Ich bin
Rede zur Finissage 08.01.1999, im Lichtkuppelsaal der esg um 19:00.
Im Spannungsfeld polarer Kräfte, z.B. Ausdehnung - Zusammenziehung entwickelt sich aus einem einfachen, ungeformten eine höhere, differenziertere Form. Aus dem Planzensamen sprießt ein
einfaches glattes Keimblatt. Zusammenziehung zur Blattknospe - Zwischengestalt - und es ent-
faltet sich als nächstes ein differenzierteres, stärker gezahntes Blatt. Dieser Prozess setzt sich
fort bis zur höchsten, schönsten, ausdifferenziertesten Blattform, dem Blütenblatt.
Oder, am bekanntesten: die Raupe wird zur Puppe und in diesem abgeschlossenen Raum, dem
Kokon, findet dieser phantastische Vorgang der Verwandlung statt, es bildet sich ein Schmetterling.

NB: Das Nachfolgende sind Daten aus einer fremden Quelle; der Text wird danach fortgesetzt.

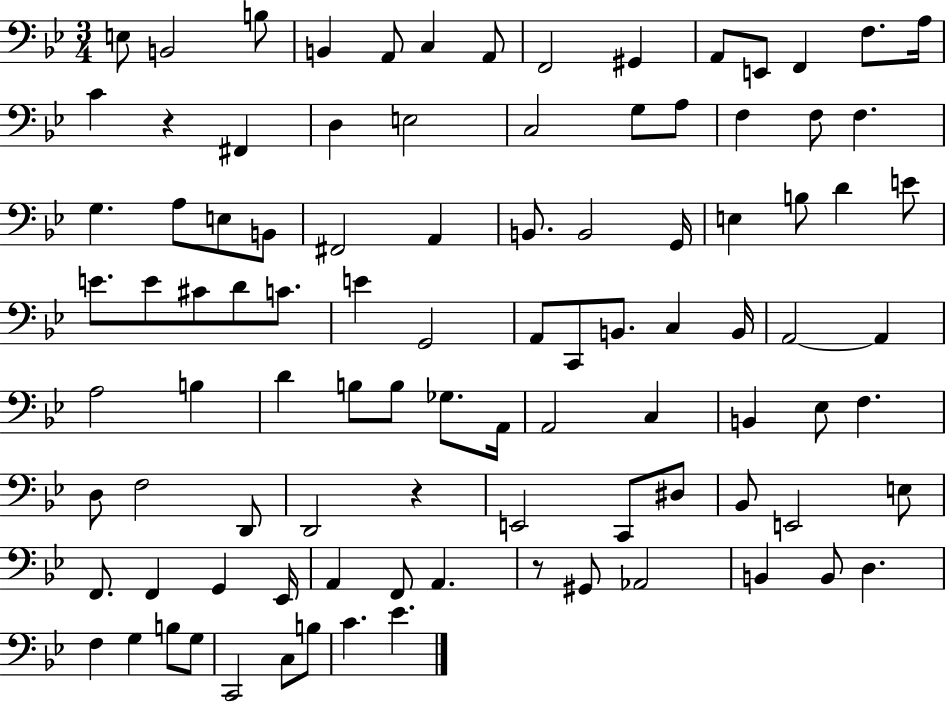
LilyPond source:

{
  \clef bass
  \numericTimeSignature
  \time 3/4
  \key bes \major
  \repeat volta 2 { e8 b,2 b8 | b,4 a,8 c4 a,8 | f,2 gis,4 | a,8 e,8 f,4 f8. a16 | \break c'4 r4 fis,4 | d4 e2 | c2 g8 a8 | f4 f8 f4. | \break g4. a8 e8 b,8 | fis,2 a,4 | b,8. b,2 g,16 | e4 b8 d'4 e'8 | \break e'8. e'8 cis'8 d'8 c'8. | e'4 g,2 | a,8 c,8 b,8. c4 b,16 | a,2~~ a,4 | \break a2 b4 | d'4 b8 b8 ges8. a,16 | a,2 c4 | b,4 ees8 f4. | \break d8 f2 d,8 | d,2 r4 | e,2 c,8 dis8 | bes,8 e,2 e8 | \break f,8. f,4 g,4 ees,16 | a,4 f,8 a,4. | r8 gis,8 aes,2 | b,4 b,8 d4. | \break f4 g4 b8 g8 | c,2 c8 b8 | c'4. ees'4. | } \bar "|."
}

Entsprechend der Konzeption, der Gliederung dieser Ausstellungs- und Aktionsreihe ist Metamor-
phose, ebenso wie für die vierte und zwölfte, das Thema dieser achten Ausstellung des Zyklus
zwischen den Jahrtausenden. Gestaltet wird diese Situation von den Beteiligten der vorhergehenden drei Ausstellungen.Ein staunendes sich hinwenden dem inneren Erleben: Erinnern - Vergessen; Zweifel - Gewissheit; Beweggründe war der Leitgedanke für diese drei Ereignisse. Beim durchwandern der Zeit mit und in dieser inneren Landschaft erfährt der Einzelne, wie bewußt
oder unbewußt auch immer, jenes Erleben des ICH BIN nicht nur ein einzelner Mensch,
ich bin einzig. Nur ich weiß , fühle wer oder was mit diesem ICH gemeint ist.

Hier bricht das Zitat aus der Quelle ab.